Stool MTB polymerase chain reaction to improve pediatric TB diagnosis
Alexander Kay, MD
BACKGROUND: 1) Only 10-20% of children with TB are microbiologically confirmed due to poor performance of existing tests. 2) Pediatric diagnostic specimens, obtained through gastric aspirate, sputum induction or nasopharyngeal aspirate, are often not collected because they are invasive, require additional equipment and perform poorly.
GAP: There is a research and data gap on child TB diagnostics using non-respiratory samples, such as stool, to increase test uptake while also maintaining and building on the performance characteristics of traditional samples.
HYPOTHESIS: Hypothesis 1: Compared to the reference standard of culture, stool qPCR will have non-inferior sensitivity and specificity vs. Xpert (comparator test) completed on respiratory specimens.

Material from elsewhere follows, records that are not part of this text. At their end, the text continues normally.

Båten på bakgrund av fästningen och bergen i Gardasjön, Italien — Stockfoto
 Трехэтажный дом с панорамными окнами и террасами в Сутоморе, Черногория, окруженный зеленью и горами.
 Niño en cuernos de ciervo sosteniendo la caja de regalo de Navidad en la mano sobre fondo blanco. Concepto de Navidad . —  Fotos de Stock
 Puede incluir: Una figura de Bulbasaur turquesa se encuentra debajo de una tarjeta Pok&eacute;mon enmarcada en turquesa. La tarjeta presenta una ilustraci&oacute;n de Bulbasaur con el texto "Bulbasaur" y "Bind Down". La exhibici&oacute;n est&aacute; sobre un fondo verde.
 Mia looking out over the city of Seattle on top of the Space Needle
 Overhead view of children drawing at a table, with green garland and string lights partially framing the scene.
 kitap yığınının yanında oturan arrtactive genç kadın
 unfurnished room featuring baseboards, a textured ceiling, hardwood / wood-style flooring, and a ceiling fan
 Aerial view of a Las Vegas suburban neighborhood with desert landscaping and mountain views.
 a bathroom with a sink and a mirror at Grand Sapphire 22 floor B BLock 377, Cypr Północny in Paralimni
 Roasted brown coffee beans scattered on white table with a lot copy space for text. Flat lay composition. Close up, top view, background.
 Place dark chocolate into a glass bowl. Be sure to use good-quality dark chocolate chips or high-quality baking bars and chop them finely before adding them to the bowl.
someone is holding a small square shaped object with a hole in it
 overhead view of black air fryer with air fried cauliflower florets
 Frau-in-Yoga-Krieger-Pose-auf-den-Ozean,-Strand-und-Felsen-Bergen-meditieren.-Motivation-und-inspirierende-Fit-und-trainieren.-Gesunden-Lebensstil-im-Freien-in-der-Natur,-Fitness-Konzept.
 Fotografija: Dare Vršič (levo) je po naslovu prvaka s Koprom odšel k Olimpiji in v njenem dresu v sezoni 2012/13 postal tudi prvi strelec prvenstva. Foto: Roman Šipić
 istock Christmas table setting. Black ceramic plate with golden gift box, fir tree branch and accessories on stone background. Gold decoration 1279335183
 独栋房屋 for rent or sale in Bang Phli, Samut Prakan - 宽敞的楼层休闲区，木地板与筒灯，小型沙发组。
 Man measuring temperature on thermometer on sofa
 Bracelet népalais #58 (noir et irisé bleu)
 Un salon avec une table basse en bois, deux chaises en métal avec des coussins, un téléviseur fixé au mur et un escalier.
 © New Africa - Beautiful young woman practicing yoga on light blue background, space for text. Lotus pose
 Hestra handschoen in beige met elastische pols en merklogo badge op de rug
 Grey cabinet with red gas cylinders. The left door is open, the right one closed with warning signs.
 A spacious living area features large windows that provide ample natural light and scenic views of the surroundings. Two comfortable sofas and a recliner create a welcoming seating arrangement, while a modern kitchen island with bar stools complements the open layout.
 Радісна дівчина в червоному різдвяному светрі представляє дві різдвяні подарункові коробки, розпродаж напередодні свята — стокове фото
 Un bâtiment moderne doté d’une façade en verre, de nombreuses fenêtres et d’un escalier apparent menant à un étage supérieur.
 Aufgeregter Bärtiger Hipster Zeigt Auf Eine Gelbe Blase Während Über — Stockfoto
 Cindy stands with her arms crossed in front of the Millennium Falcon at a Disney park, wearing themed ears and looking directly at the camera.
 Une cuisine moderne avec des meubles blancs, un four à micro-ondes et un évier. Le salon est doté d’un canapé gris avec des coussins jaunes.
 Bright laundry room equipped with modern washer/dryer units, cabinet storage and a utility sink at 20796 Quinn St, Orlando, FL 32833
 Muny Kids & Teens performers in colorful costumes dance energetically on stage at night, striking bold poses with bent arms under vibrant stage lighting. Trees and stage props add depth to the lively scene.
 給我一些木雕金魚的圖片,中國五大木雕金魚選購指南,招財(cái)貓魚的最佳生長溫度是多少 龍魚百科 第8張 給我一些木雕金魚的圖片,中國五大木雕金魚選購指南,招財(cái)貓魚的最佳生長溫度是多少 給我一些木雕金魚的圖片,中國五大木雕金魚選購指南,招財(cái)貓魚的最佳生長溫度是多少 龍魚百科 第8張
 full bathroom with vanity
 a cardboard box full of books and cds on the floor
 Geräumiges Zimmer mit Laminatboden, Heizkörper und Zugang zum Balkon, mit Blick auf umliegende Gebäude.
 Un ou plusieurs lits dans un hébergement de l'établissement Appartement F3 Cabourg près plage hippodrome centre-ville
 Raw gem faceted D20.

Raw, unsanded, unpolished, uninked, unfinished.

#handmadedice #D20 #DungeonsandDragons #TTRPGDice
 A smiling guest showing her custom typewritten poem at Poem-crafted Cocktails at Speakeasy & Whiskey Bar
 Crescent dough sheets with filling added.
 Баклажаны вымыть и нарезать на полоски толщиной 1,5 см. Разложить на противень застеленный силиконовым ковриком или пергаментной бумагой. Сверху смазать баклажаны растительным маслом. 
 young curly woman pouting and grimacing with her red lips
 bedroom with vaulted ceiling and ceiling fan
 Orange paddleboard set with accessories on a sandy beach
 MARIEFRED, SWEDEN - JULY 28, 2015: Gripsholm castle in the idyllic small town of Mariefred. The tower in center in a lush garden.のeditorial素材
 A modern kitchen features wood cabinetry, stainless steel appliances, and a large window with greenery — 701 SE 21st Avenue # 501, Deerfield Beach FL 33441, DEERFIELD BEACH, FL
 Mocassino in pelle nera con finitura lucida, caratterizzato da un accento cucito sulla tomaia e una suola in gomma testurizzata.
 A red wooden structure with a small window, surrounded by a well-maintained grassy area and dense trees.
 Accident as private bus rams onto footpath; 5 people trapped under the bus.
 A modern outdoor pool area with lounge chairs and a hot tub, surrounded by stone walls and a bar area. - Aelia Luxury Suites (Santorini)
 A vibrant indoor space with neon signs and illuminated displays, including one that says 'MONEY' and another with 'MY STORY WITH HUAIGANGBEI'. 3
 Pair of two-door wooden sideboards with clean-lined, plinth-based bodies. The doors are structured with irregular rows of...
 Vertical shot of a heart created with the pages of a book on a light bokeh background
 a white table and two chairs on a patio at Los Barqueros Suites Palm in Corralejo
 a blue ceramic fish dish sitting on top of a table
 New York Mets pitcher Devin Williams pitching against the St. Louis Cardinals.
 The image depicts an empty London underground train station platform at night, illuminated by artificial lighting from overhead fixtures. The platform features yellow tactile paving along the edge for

Hypothesis 2: Stool Xpert performance will be enhanced by stool homogenization and centrifugation, and the MTBDRplus will identify Mtb and molecular drug resistance in DNA isolated via MPFast soil DNA kits.
METHODS: This will be a prospective, cross-sectional, case control study, stool diagnostics will be assessed compared to the traditional diagnostic pathway. Children (age 6 months- 18 years) who are being evaluated for TB will have stool collected in addition to standard diagnostic tests.
IMPACT: A test that performs similarly to current diagnostics but is used more frequently because it is non-invasive and requires no training for sample collection could increase the microbiologic diagnosis of pediatric TB.